Could you set down the full listing, unchanged?

** Records provided **
:::
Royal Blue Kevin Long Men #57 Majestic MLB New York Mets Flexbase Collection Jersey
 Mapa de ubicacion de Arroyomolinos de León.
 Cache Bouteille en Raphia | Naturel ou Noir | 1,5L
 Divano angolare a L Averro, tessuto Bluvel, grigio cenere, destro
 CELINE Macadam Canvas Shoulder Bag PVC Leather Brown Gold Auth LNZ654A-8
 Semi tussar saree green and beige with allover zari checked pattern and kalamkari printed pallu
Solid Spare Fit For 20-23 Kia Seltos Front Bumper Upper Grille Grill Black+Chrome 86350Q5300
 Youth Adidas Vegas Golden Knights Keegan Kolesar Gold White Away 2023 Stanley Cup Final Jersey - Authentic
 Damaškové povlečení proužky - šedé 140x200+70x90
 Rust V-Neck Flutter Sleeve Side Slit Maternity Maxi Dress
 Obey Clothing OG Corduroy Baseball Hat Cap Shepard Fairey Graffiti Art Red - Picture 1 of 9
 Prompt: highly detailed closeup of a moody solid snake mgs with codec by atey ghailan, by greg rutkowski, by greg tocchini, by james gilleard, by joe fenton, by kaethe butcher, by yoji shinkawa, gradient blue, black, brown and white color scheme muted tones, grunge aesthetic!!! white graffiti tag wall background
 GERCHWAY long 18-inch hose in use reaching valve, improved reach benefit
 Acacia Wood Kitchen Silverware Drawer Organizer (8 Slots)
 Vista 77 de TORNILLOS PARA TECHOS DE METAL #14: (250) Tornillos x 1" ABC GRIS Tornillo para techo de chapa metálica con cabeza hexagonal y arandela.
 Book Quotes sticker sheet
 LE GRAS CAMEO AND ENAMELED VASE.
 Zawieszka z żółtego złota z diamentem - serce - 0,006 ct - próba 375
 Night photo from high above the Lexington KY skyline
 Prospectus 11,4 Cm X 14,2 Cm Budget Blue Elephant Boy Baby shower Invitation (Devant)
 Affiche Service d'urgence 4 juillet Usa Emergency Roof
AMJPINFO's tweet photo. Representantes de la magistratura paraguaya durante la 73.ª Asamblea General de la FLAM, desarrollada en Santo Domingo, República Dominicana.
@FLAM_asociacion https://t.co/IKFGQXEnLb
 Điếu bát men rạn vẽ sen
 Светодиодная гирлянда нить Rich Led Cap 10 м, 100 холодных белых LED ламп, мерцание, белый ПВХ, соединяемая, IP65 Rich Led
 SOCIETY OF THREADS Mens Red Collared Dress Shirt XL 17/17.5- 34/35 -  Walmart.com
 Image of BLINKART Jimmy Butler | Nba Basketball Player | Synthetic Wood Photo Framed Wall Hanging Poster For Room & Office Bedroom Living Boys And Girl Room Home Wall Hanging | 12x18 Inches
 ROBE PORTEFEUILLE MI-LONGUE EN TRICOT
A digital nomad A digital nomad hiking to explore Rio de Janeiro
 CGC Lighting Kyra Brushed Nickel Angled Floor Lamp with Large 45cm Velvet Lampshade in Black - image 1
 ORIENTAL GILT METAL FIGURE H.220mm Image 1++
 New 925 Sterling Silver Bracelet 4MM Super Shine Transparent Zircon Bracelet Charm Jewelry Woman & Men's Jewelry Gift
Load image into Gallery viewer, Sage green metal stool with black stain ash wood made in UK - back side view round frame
:::
** Expected output **
Royal Blue Kevin Long Men #57 Majestic MLB New York Mets Flexbase Collection Jersey
 Mapa de ubicacion de Arroyomolinos de León.
 Cache Bouteille en Raphia | Naturel ou Noir | 1,5L
 Divano angolare a L Averro, tessuto Bluvel, grigio cenere, destro
 CELINE Macadam Canvas Shoulder Bag PVC Leather Brown Gold Auth LNZ654A-8
 Semi tussar saree green and beige with allover zari checked pattern and kalamkari printed pallu
Solid Spare Fit For 20-23 Kia Seltos Front Bumper Upper Grille Grill Black+Chrome 86350Q5300
 Youth Adidas Vegas Golden Knights Keegan Kolesar Gold White Away 2023 Stanley Cup Final Jersey - Authentic
 Damaškové povlečení proužky - šedé 140x200+70x90
 Rust V-Neck Flutter Sleeve Side Slit Maternity Maxi Dress
 Obey Clothing OG Corduroy Baseball Hat Cap Shepard Fairey Graffiti Art Red - Picture 1 of 9
 Prompt: highly detailed closeup of a moody solid snake mgs with codec by atey ghailan, by greg rutkowski, by greg tocchini, by james gilleard, by joe fenton, by kaethe butcher, by yoji shinkawa, gradient blue, black, brown and white color scheme muted tones, grunge aesthetic!!! white graffiti tag wall background
 GERCHWAY long 18-inch hose in use reaching valve, improved reach benefit
 Acacia Wood Kitchen Silverware Drawer Organizer (8 Slots)
 Vista 77 de TORNILLOS PARA TECHOS DE METAL #14: (250) Tornillos x 1" ABC GRIS Tornillo para techo de chapa metálica con cabeza hexagonal y arandela.
 Book Quotes sticker sheet
 LE GRAS CAMEO AND ENAMELED VASE.
 Zawieszka z żółtego złota z diamentem - serce - 0,006 ct - próba 375
 Night photo from high above the Lexington KY skyline
 Prospectus 11,4 Cm X 14,2 Cm Budget Blue Elephant Boy Baby shower Invitation (Devant)
 Affiche Service d'urgence 4 juillet Usa Emergency Roof
AMJPINFO's tweet photo. Representantes de la magistratura paraguaya durante la 73.ª Asamblea General de la FLAM, desarrollada en Santo Domingo, República Dominicana.
@FLAM_asociacion https://t.co/IKFGQXEnLb
 Điếu bát men rạn vẽ sen
 Светодиодная гирлянда нить Rich Led Cap 10 м, 100 холодных белых LED ламп, мерцание, белый ПВХ, соединяемая, IP65 Rich Led
 SOCIETY OF THREADS Mens Red Collared Dress Shirt XL 17/17.5- 34/35 -  Walmart.com
 Image of BLINKART Jimmy Butler | Nba Basketball Player | Synthetic Wood Photo Framed Wall Hanging Poster For Room & Office Bedroom Living Boys And Girl Room Home Wall Hanging | 12x18 Inches
 ROBE PORTEFEUILLE MI-LONGUE EN TRICOT
A digital nomad A digital nomad hiking to explore Rio de Janeiro
 CGC Lighting Kyra Brushed Nickel Angled Floor Lamp with Large 45cm Velvet Lampshade in Black - image 1
 ORIENTAL GILT METAL FIGURE H.220mm Image 1++
 New 925 Sterling Silver Bracelet 4MM Super Shine Transparent Zircon Bracelet Charm Jewelry Woman & Men's Jewelry Gift
Load image into Gallery viewer, Sage green metal stool with black stain ash wood made in UK - back side view round frame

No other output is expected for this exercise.